Stored data entries

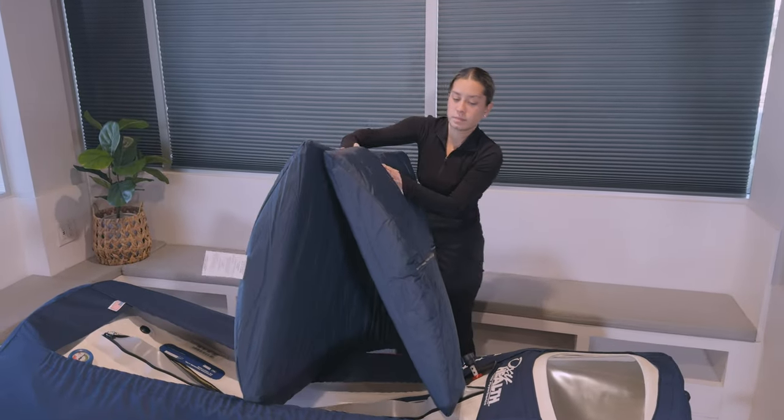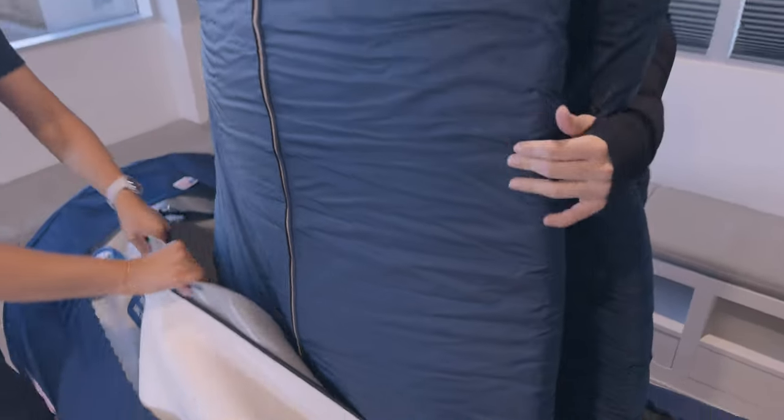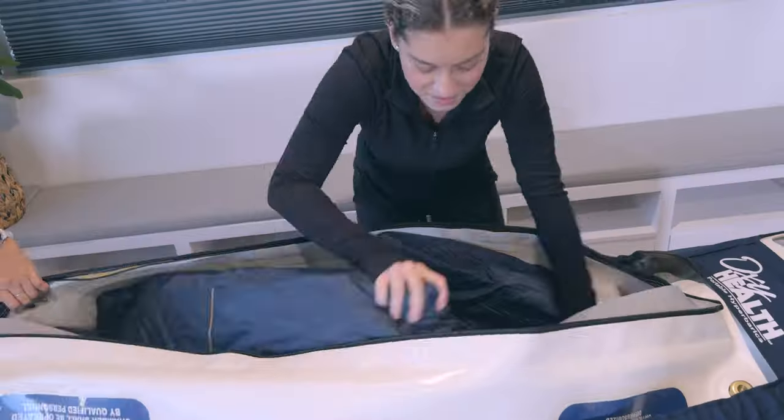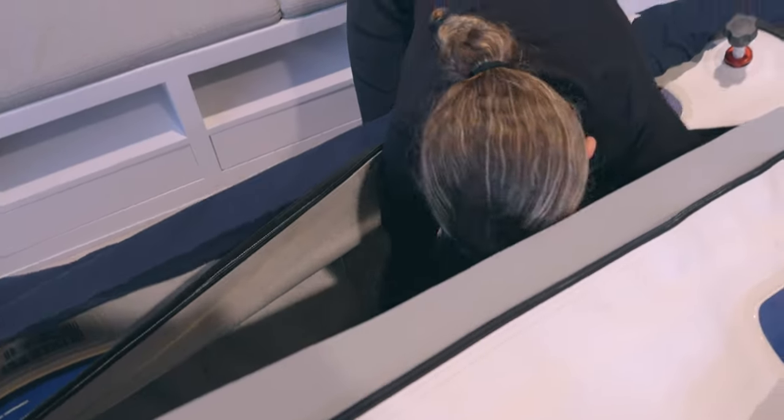To insert the mattress, fold it in half with the zippers facing out. Place the folded mattress sideways into the zipper opening of the chamber. Twist the mattress so that one end goes in the direction of the head and the other toward the foot. Smooth out and flatten to adjust.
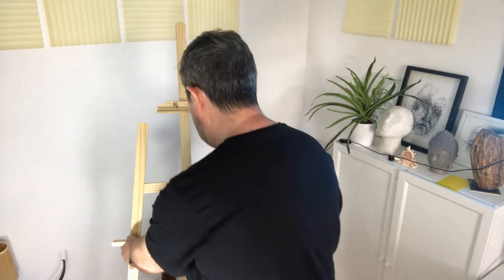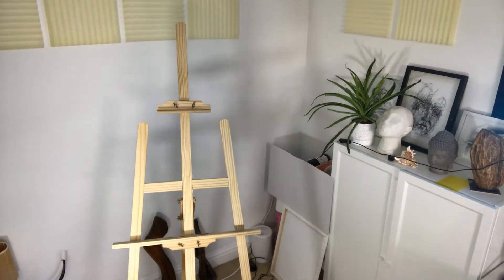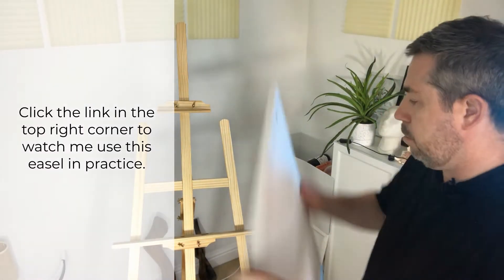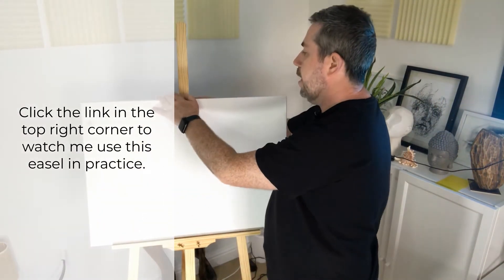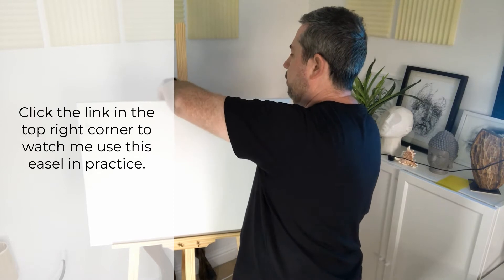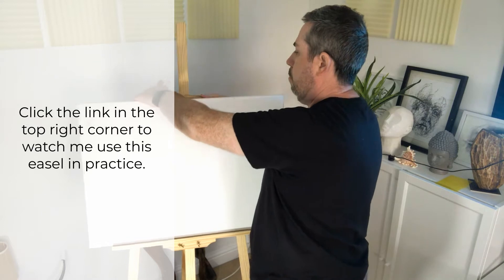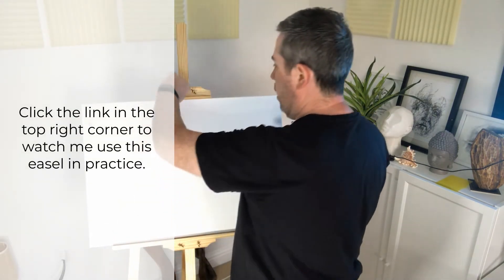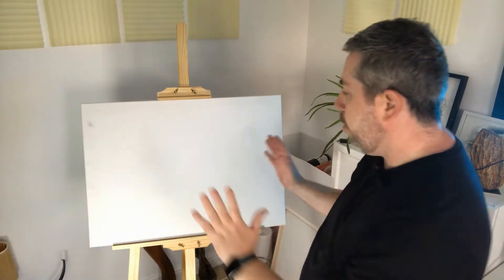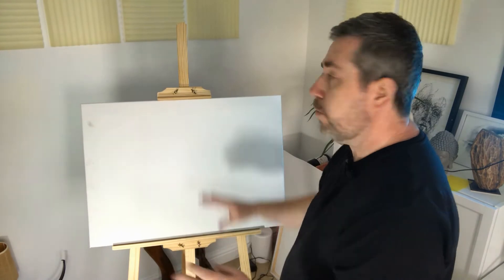The good thing about this easel is you can use it to attach canvases to. As you can see here, it's ideal for canvases — just adjust the back of it like this. It's a perfect, comfortable waist height, so there's not too much arm strain involved.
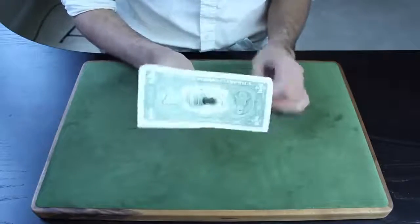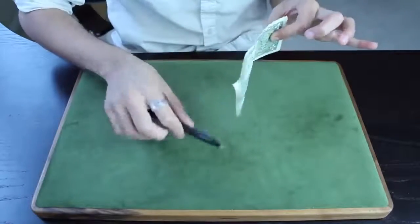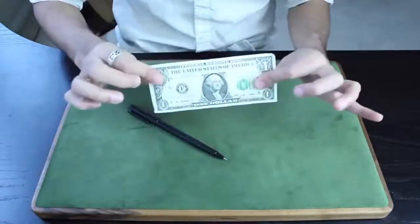Now here's the magical part. I'm going to rip the bill straight through. Watch. But the bill is still in perfect condition.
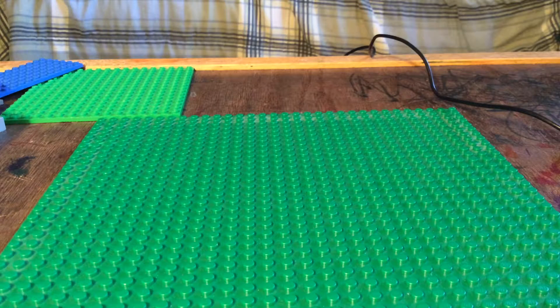Hey guys, BatKid here, and today I will be doing a how-to-build on one of the planes I built for my Lego base.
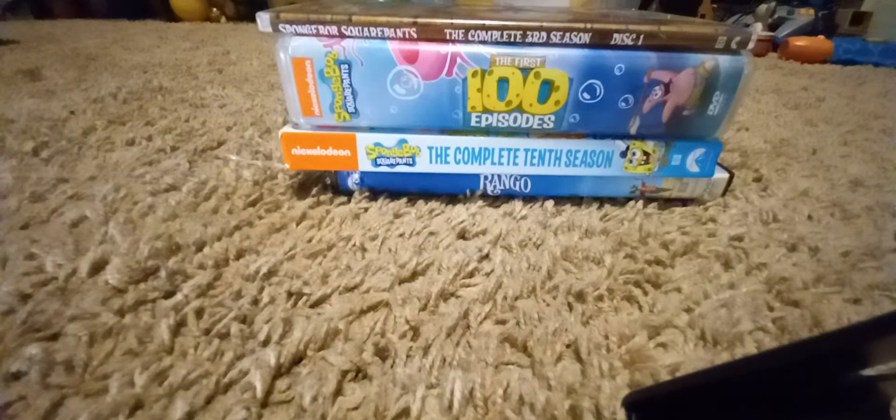Hey guys, it is I, Bottle Guy, back again with another YouTube video inside of this DVD collection series. This time we're doing Nickelodeon, and as you can see it's very short. Not that big — I've just been doing some other stuff, but I might as well show what I got so far.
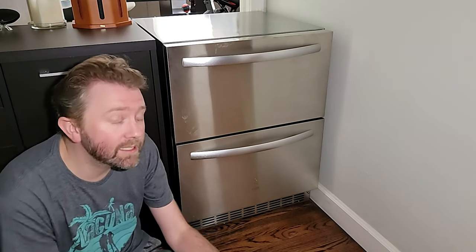The product I want to go over today is a stainless steel refrigerator by a company called Ice Jungle. Now they make several types, but what you see next to me is the stainless steel two-drawer refrigerator.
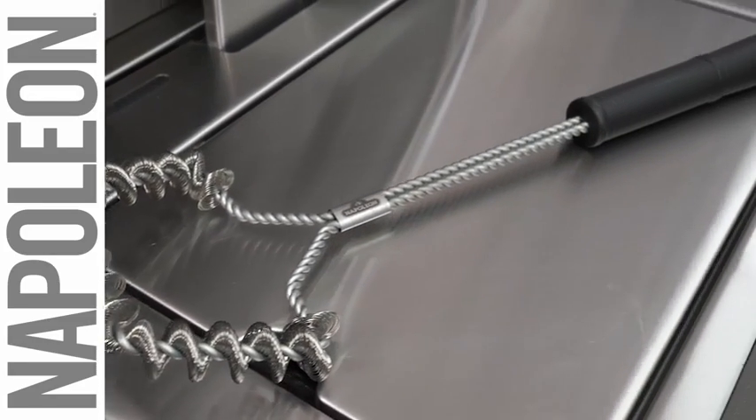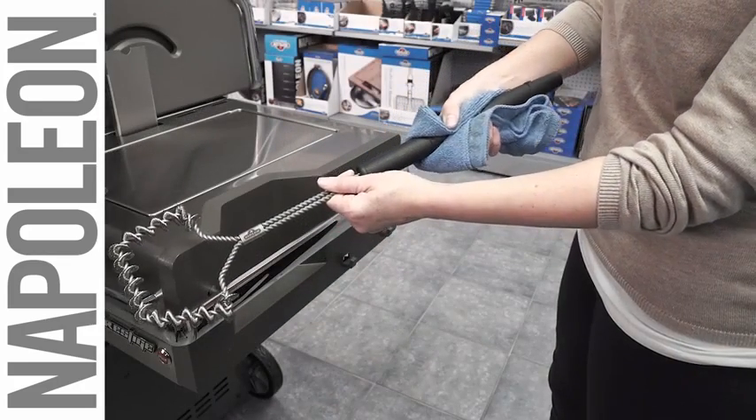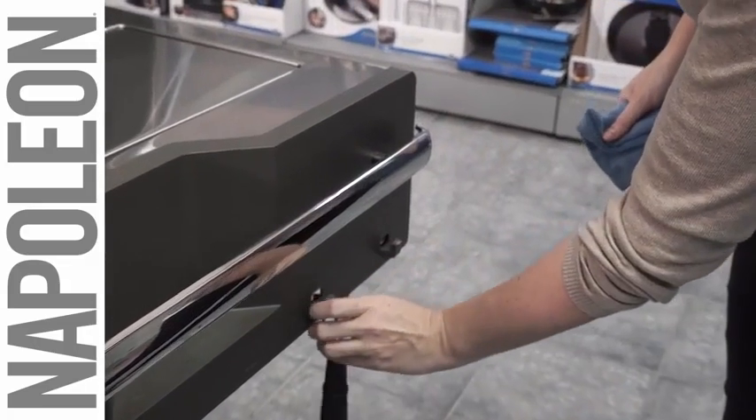The 21 inch length administers the leverage you need to give your grill the cleaning it deserves after preparing a delicious meal. Built for comfort, the handle wipes clean and even has a convenient hanger for easy storage when not in use.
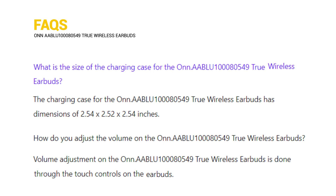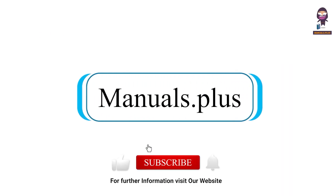How do you adjust the volume on the Onn. AABLU100080549 true wireless earbuds?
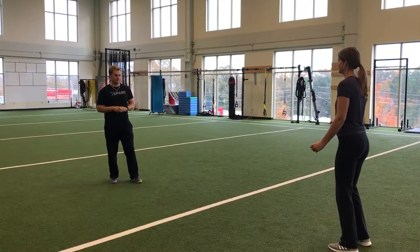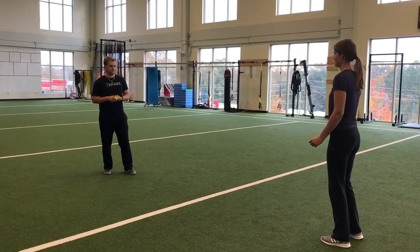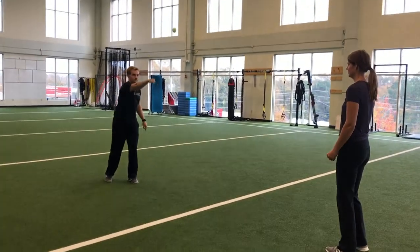This is a partner tennis ball game. This is a way to work coordination and also get the blood flowing, and a good way to warm up. You're going to start on opposite sides of the line facing a partner with a tennis ball. You're going to give the ball one bounce and then hit it with the top of your fist.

WHAT TO PRODUCE
Nothing but the lines from the one containing "How do you adjust" through the end of the entries is to be retyped, exactly as written and without pictures.

COMPLETED TASK
How do you adjust the volume on the Onn. AABLU100080549 true wireless earbuds?
This is a partner tennis ball game. This is a way to work coordination and also get the blood flowing, and a good way to warm up. You're going to start on opposite sides of the line facing a partner with a tennis ball. You're going to give the ball one bounce and then hit it with the top of your fist.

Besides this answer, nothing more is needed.